**WHAT IS EXPECTED**
Taking the line with "Foto del edificio - 42159 Tecumseh Hills Dr" as the first, copy every line through the end of the records below exactly. Do not include pictures.

(Captioned web images)
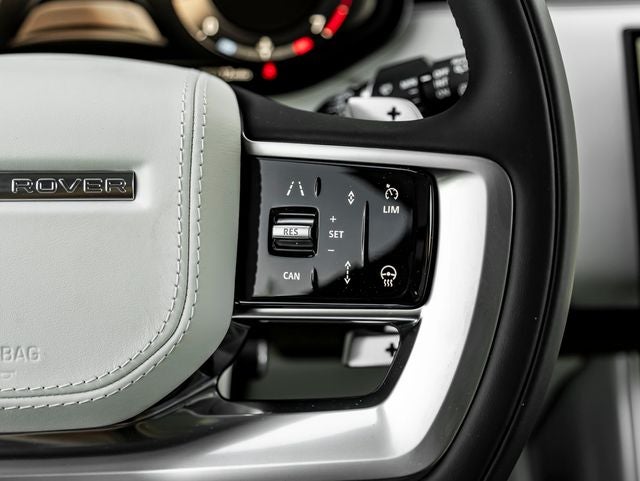 2026 Land Rover Range Rover SE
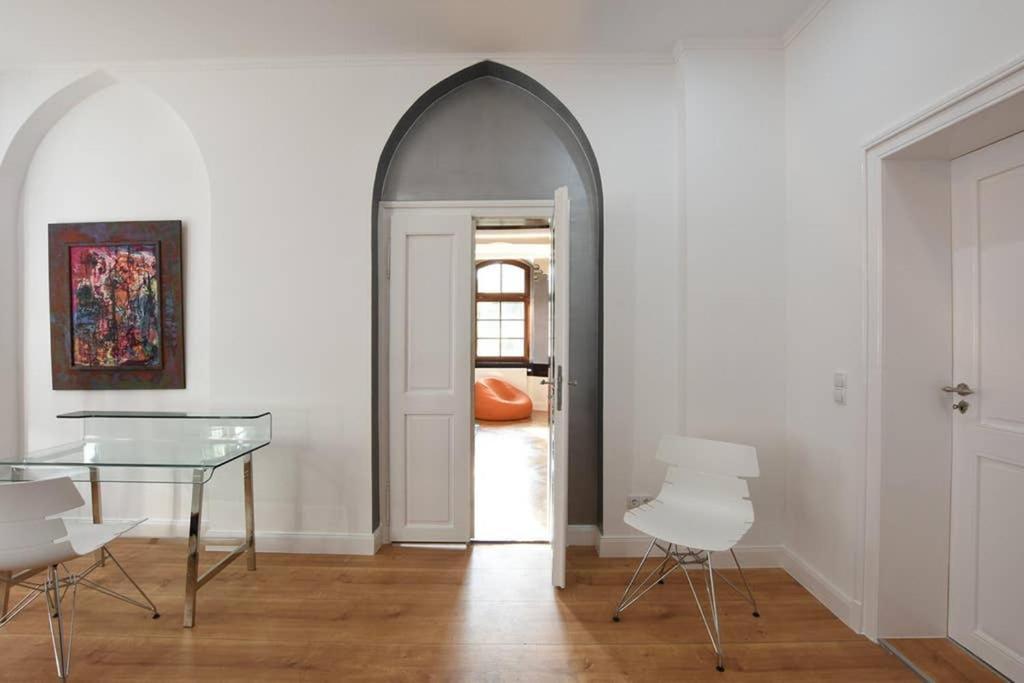 6,5 Luxury Room Apartment - Central Zwickau - 3 Bedrooms - 2 Bathrooms Экстерьер фото
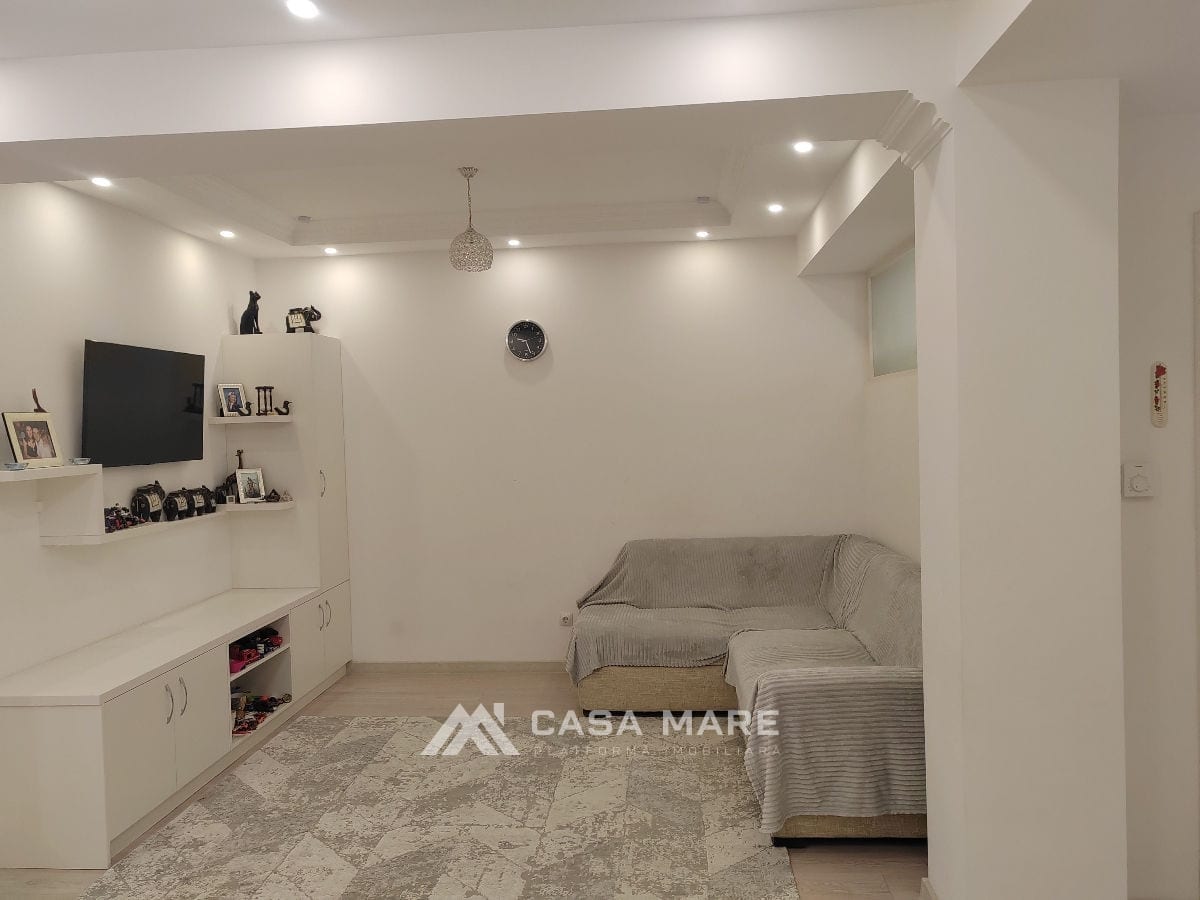 Apartament cu 2 camere, 75 m², Buiucani, Chișinău 1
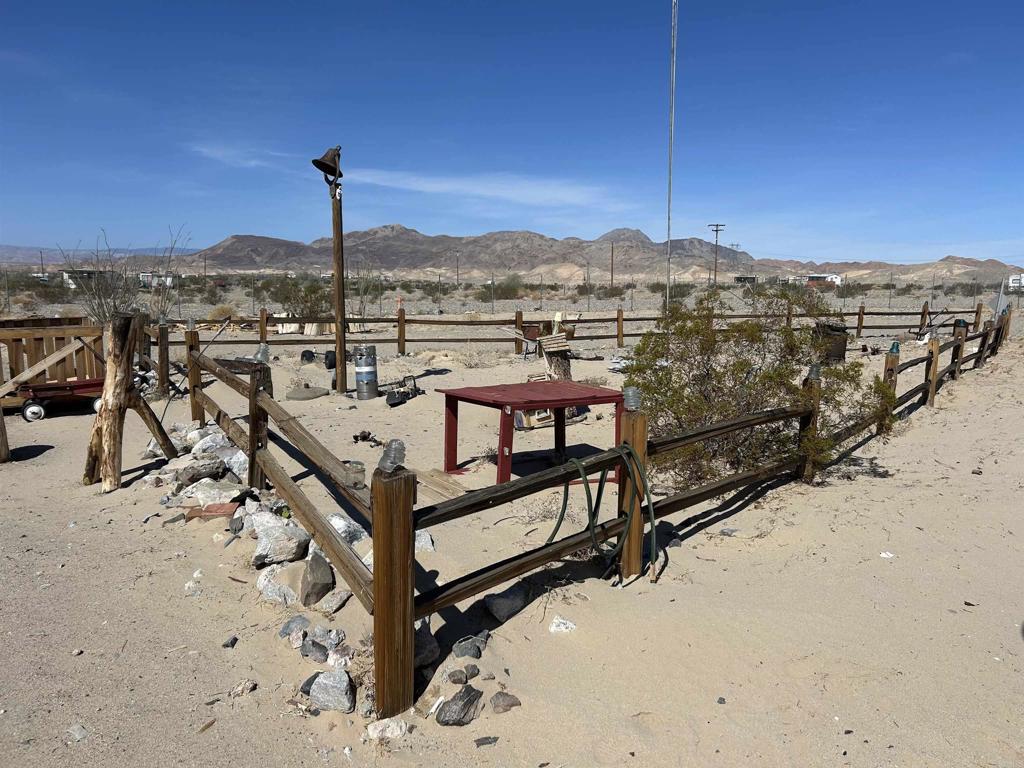 1638 Painted Gorge Road Imperial, CA 92251 - Photo 9 of 10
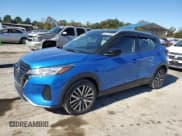 ✅ 2023 Nissan Kicks SV • VIN: 3N1CP5CV6PL467159 • Лот: 92219555. Опубликован ранее на Copart с пробегом 35 386 миль. Бесплатный доступ к архиву аукционных продаж из США и подробный отчёт об истории автомобиля на DreamBid. Изображение 1.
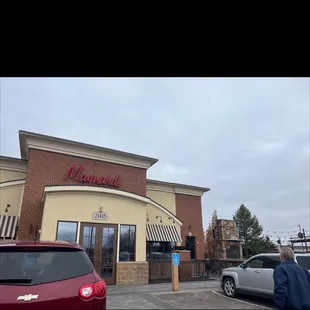 the outside of the restaurant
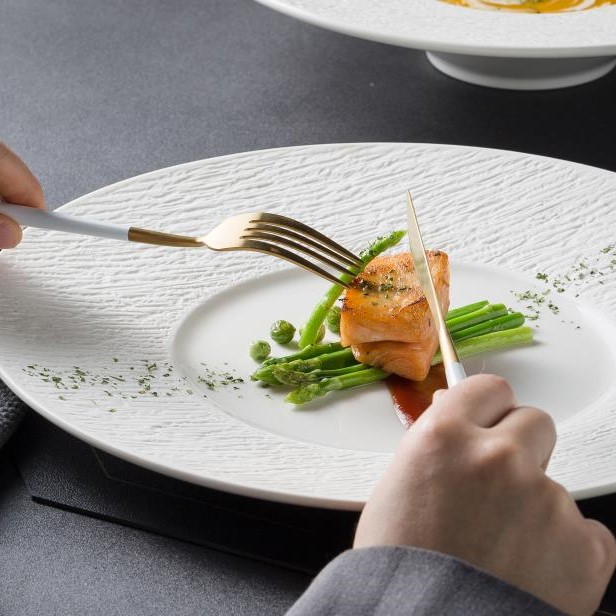 Bộ đĩa cao cấp màu trắng họa tiết viền nhám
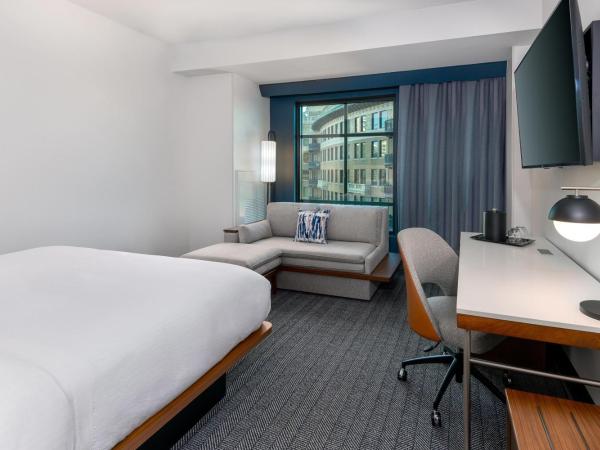 Courtyard by Marriott Atlanta Midtown : photo 1 de la chambre chambre lit king-size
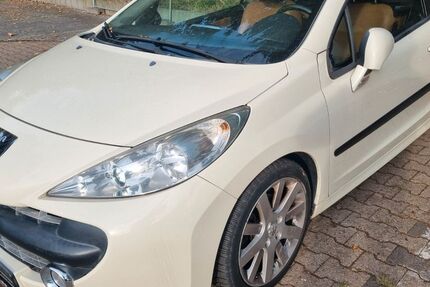 Peugeot 207 169.000 km 900 &euro; Hattersheim am Main 65795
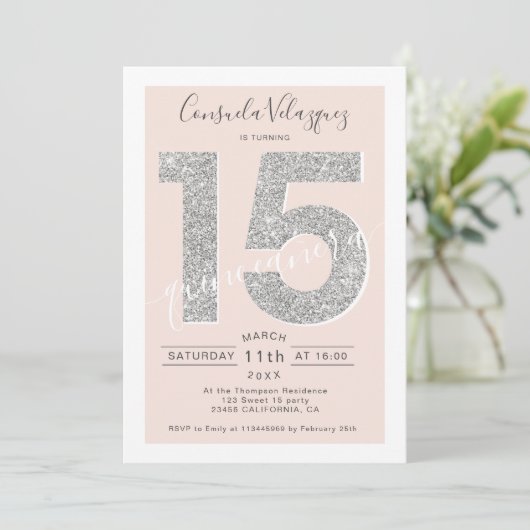 Invitation Parties scintillant en argent, script blush quince (Debout devant)
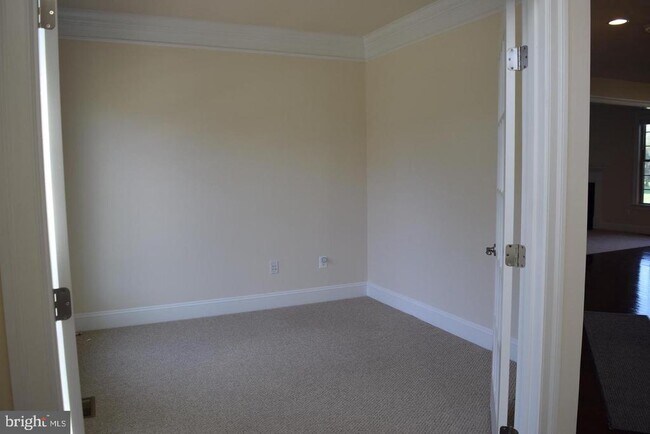 Foto del edificio - 42159 Tecumseh Hills Dr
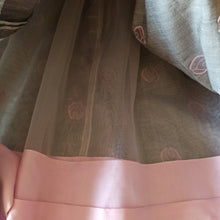 Charger l'image dans la galerie, 1950s 1960s - Adorable Grey Roses Cotton Dress - W27 (68.5cm)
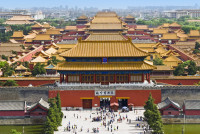 De aici se patrunde in Palatul Imperial din timpul dinastiilor Ming si Qing, cunoscut sub numele de Orasul Interzis, un complex arhitectural cu peste 9.000 de camere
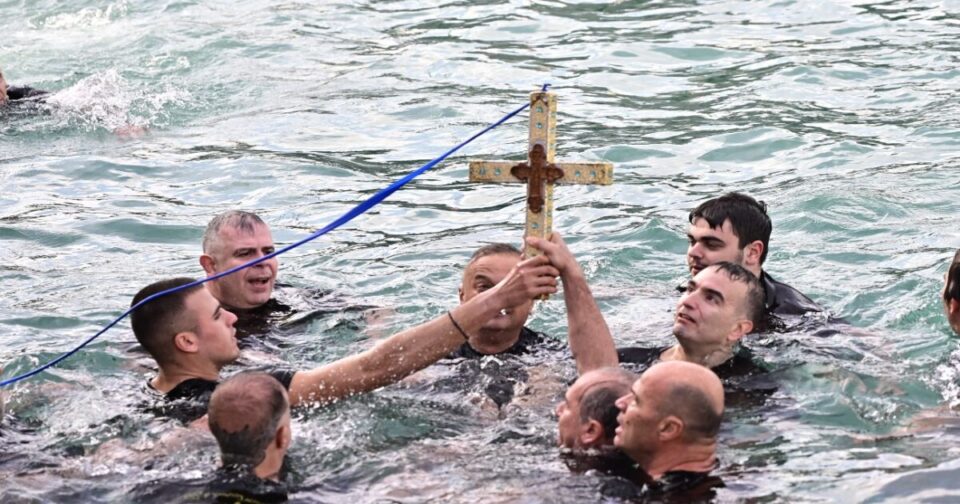 Θεοφάνεια:-Τι-γιορτάζουμε-σήμερα-και-γιατί-ρίχνουμε-τον-Σταυρό-στη-θάλασσα- 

**TASK OUTPUT**
 Foto del edificio - 42159 Tecumseh Hills Dr
 Charger l'image dans la galerie, 1950s 1960s - Adorable Grey Roses Cotton Dress - W27 (68.5cm)
 De aici se patrunde in Palatul Imperial din timpul dinastiilor Ming si Qing, cunoscut sub numele de Orasul Interzis, un complex arhitectural cu peste 9.000 de camere
 Θεοφάνεια:-Τι-γιορτάζουμε-σήμερα-και-γιατί-ρίχνουμε-τον-Σταυρό-στη-θάλασσα- 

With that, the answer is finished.